Say I have two DNN modules F
and G
.
out = F(G(x_1), x_2)
And a loss function like loss(out, label)
.
I want to disable gradients for F
during one particular update (though not necessarily in others).
I tried this during that update:
g = G(x_1)
with torch.no_grad():
out = F(g, x_2)
But (correct me if I’m wrong), it seems gradients don’t propagate back to G
in this case.
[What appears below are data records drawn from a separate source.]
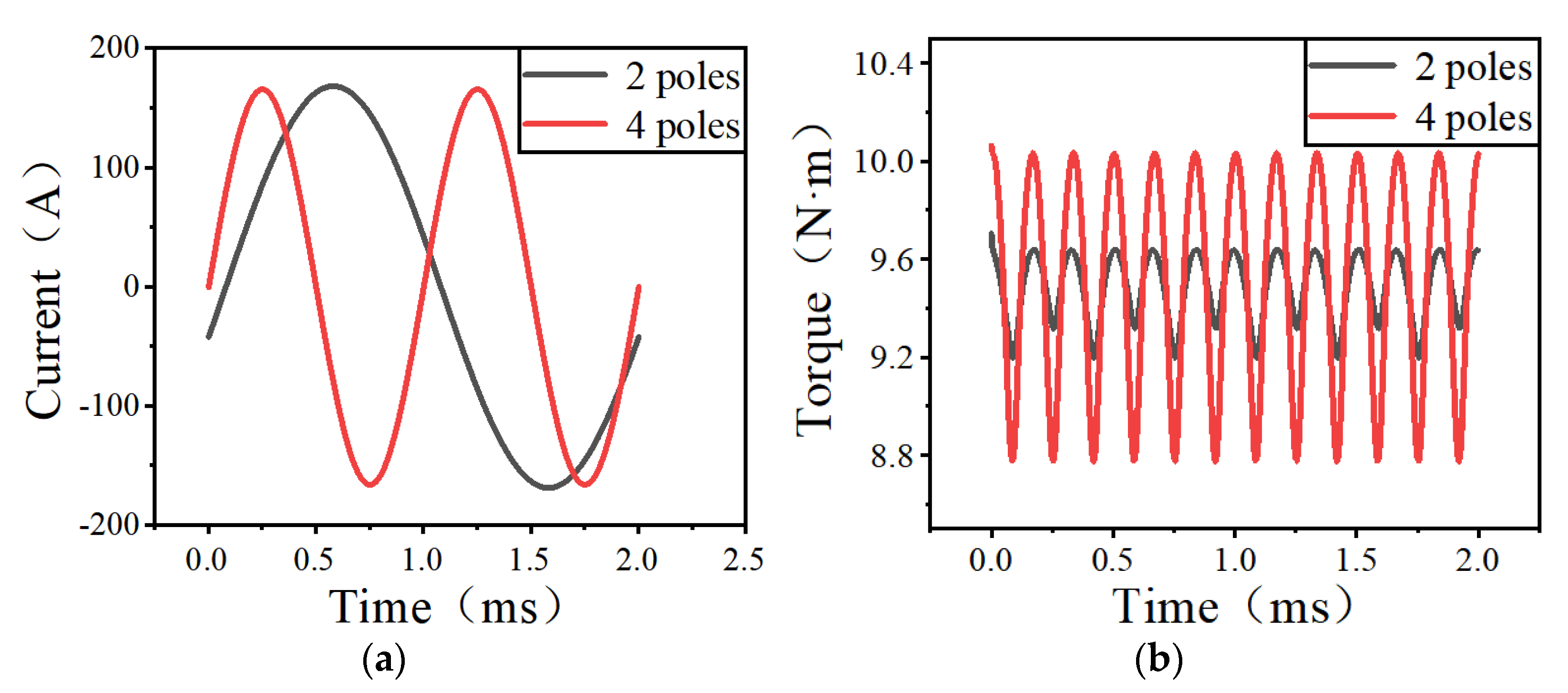 Energies 15 03923 g003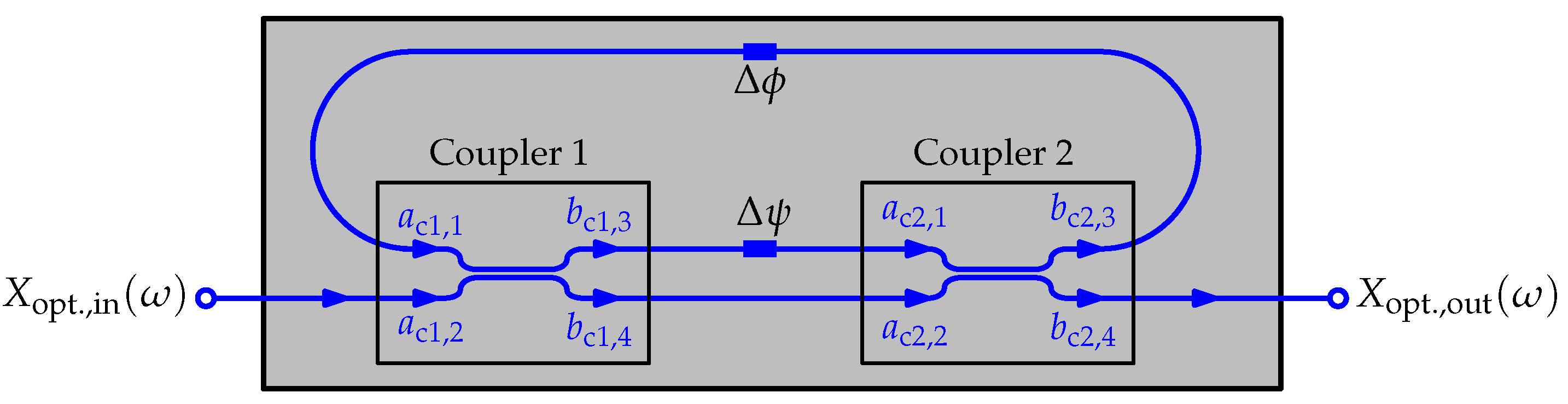 Sensors 20 05568 g002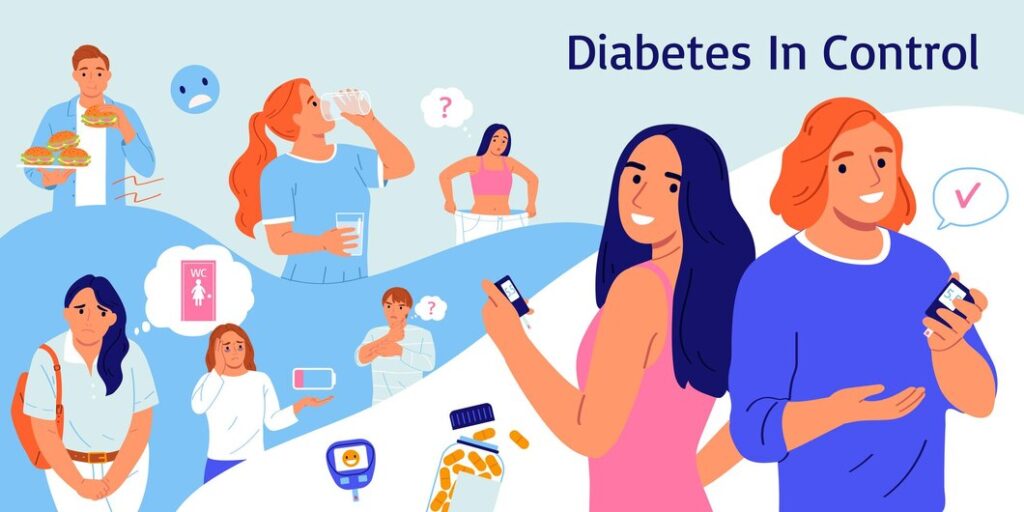 CBD for Diabetes: Managing Blood Sugar and Related Issues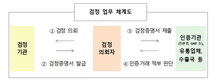 국립농산물품질관리원, 농산물 거래·인증 지원위한 검정기관 지정 확대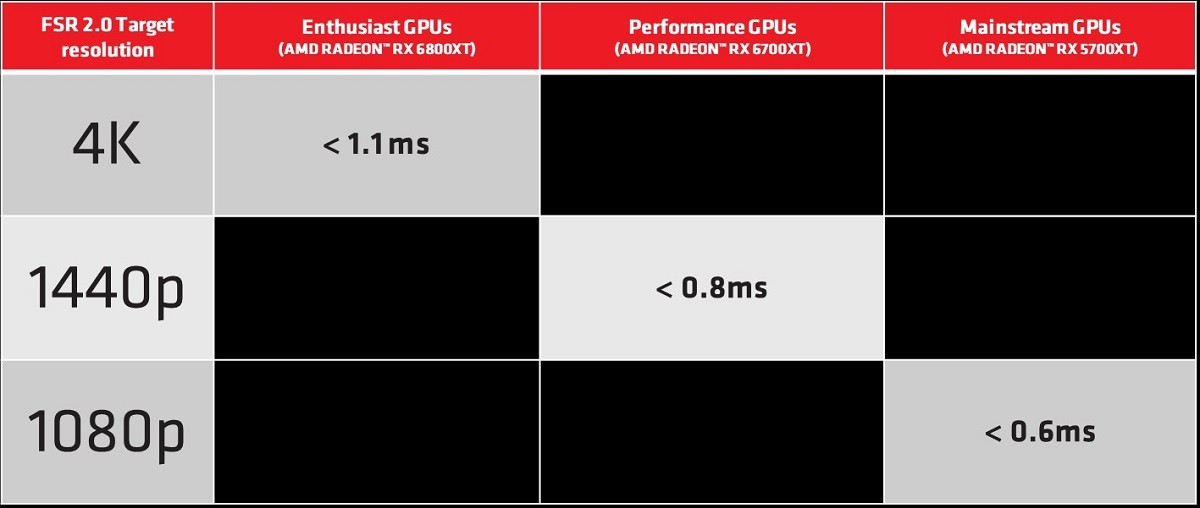 AMD|AMD更新FSR 2.0信息! 多款旧显卡也支持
I need gradients to still propagate back to G
.
Your code won’t work and will raise:
RuntimeError: element 0 of tensors does not require grad and does not have a grad_fn
if you try to call backward()
on out
or an output of any successive operation on it, since it was calculated in the no_grad
block:
G = nn.Linear(1, 1)
F = nn.Linear(1, 1)
x = torch.randn(1, 1)
g = G(x)
with torch.no_grad():
out = F(g)
out.backward()
> RuntimeError: element 0 of tensors does not require grad and does not have a grad_fn
print(out.grad_fn)
> None
To disable the gradient calculation in F
you could set the requires_grad
attributes of all parameters of F
to False
:
G = nn.Linear(1, 1)
F = nn.Linear(1, 1)
x = torch.randn(1, 1)
for param in F.parameters():
param.requires_grad = False
g = G(x)
out = F(g)
out.backward()
print(out.grad_fn)
> <AddmmBackward object at >
print(G.weight.grad)
> tensor([[0.2877]])
print(F.weight.grad)
> None